Muchos esnobs en los países europeos y en los americanos de origen latino no vacilaron en anteponer a sus apellidos la partícula "de", en un intento desesperado de pasarse a la nobleza. El "de" (con minúscula) indicaría el lazo entre el señor feudal y su territorio. De allí, su importancia. Pero ese "de", a veces, sólo significaba la procedencia geográfica de un pobre individuo del Tercer Estado. Rouvillois y Jullian denuncian las trampas de la partícula "de", una atribución de sangre azul fundada sobre todo en la ignorancia y en la mala fe. Por cierto, hay "de" aristocráticos, pero se trata de algunos grandes nombres, no siempre los más destacados. Son demasiadas las excepciones a la regla de la partícula, para poder guiarse por ella. Hoy, por lo tanto, muchas cejas informadas de expertos en genealogía se alzan en forma de acento circunflejo, insolente y desdeñoso, cada vez que escuchan un "de" antes del nombre propio. Se guían por otra regla, también imperfecta: los nobles de antigua data no tienen o no usan el "de".

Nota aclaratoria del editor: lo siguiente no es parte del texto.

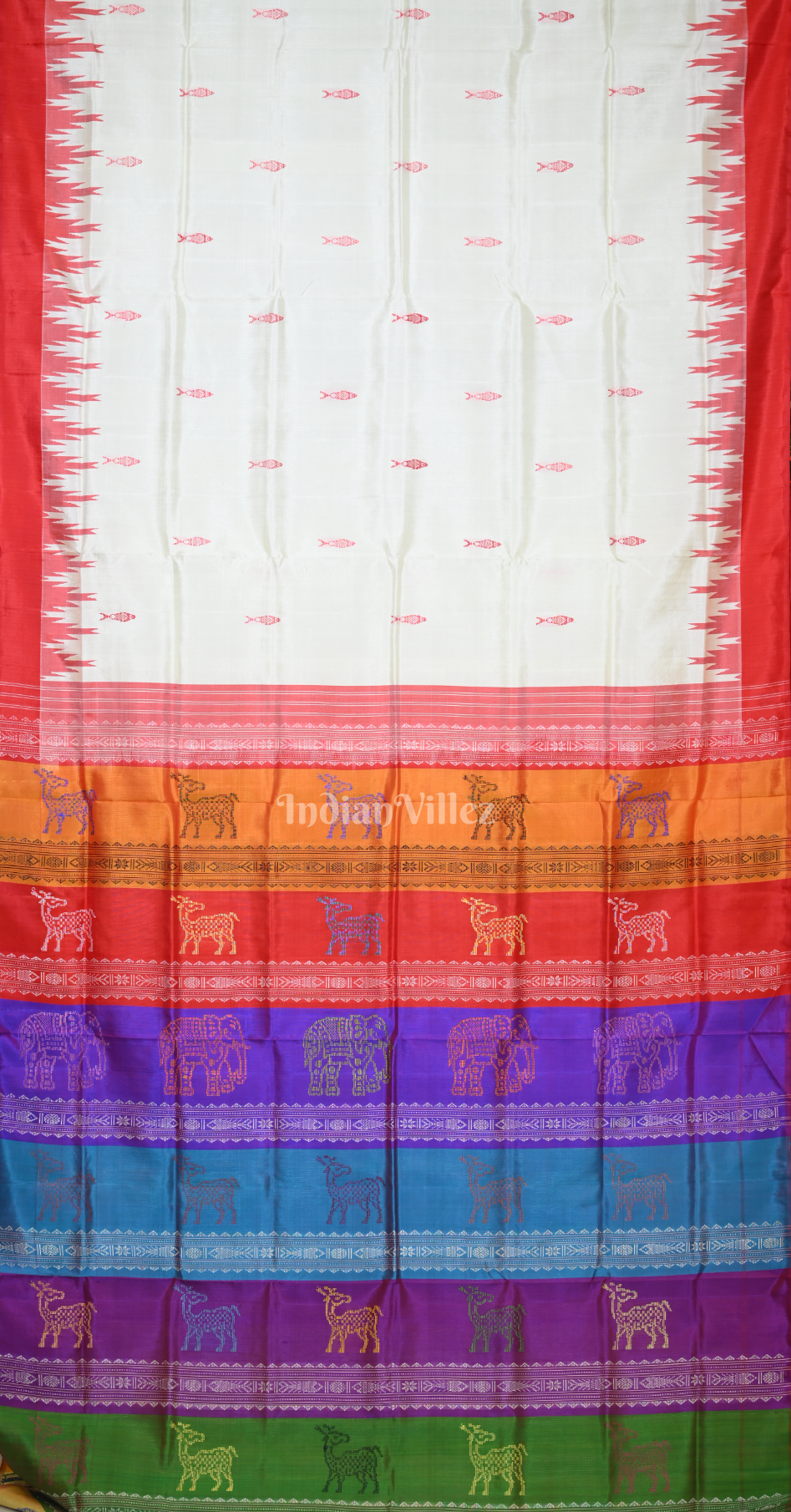 White Red Fish Motif Double Pallu Berhampuri Silk Saree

El dinero facilita mucho las cosas. Los títulos de nobleza se podían comprar hasta una época relativamente reciente con cierta eficacia, los nobles arruinados recurrían a ese expediente por medio de diferentes estratagemas; una de ellas era adoptar al hijo de una familia burguesa y opulenta. Los padres plebeyos tocaban las nubes de felicidad cuando el vástago renegaba de ellos: sabían que, una vez dignificado, los adoptaría, a su vez, y todos habrían de vivir en el futuro elevados sobre el resto de los mortales. Por lo común, esos nombres en venta no eran muy distinguidos y sólo conferían un prestigio dudoso. En cambio, la caridad en gran escala podía asegurar de un día para otro un origen nobiliario sin sombras, pero también sin pasado, cuando la gloria de un emblema heráldico derivaba directamente de Dios. Donaciones tan cuantiosas como pías lograban que el papa premiara el espíritu solidario de damas y caballeros con títulos pontificios que, a pesar de más frescos que los del Primer y Segundo Imperio napoleónicos, transmitían el brillo irreprochable de la divinidad. En estos casos, no se trataba de comprar sino de dar, claro que el dinero estaba siempre en medio del asunto. En la Argentina, fueron marquesas pontificias Mercedes Castellanos de Anchorena, María Adela Harilaos de Olmos y María Unzué de Alvear. Tras ese botín, María Eva Duarte de Perón en su gira europea se entrevistó con Pío XII, pero en vez de salir ennoblecida, lavada de pecados, de la audiencia papal, se llevó como único premio un modesto rosario bendecido. Quizá el pontífice haya pensado con una lógica justa e implacable que era la recompensa adecuada para quien se definía como "la mujer más humilde de su pueblo". Así, quizá sin quererlo, la transformó en la "abanderada" de los desposeídos.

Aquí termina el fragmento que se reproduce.